In this article, the author wants to explore the place of action research in shaping and making history by changing what is done.
In this presentation, the author has used the question ‘what is to be done?’ as a general question as well as because it has a specific relevance at this historical moment.
According to the author, the principal justification for action research is that it makes a direct contribution to transformative action and to changing history. The author argues that the first concern of action researchers should be the contribution of their action to history, not so much to theory.
To find out what needs to be done differently, we need action research that will inform our individual praxis and inform our collective praxis. The author gives sustainability as an example the way action research initiatives contribute to the life of the settings in which they are conducted.
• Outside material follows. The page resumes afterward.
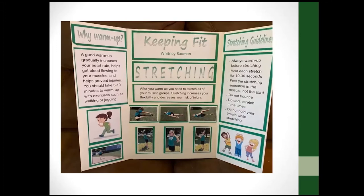This is a good example of a project poster for a keeping fit project. The topic she chose was warming up and stretching, which was her main point. You can see she had some text that's easy to read, some photos, and some graphics used in the display.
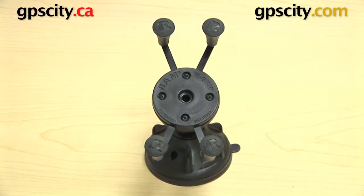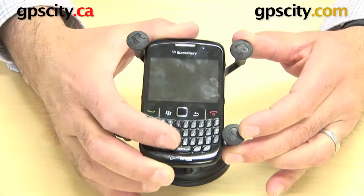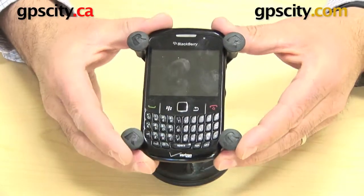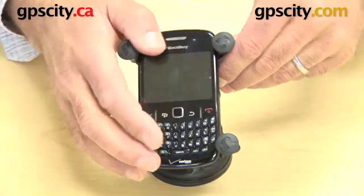Right now I'm going to show you the RAM-HOL-UN7 with the BlackBerry Curve 8530. You can see there, we just open up the arms and the Curve is still tall enough to fit inside of these arms, and the width isn't a problem either.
There is a worldwide social movement for sustainability, and action research is already a part of this movement. . In many settings – in contexts of Education for Sustainability, for example – action research is already part of this movement.
The author concludes that as researchers, we are encouraged to make original contributions to knowledge; as action researchers, let us hope to do that but also to do something far more important. Let us hope to make history by living well, individually and collectively, and by living well in and for a world worth living in.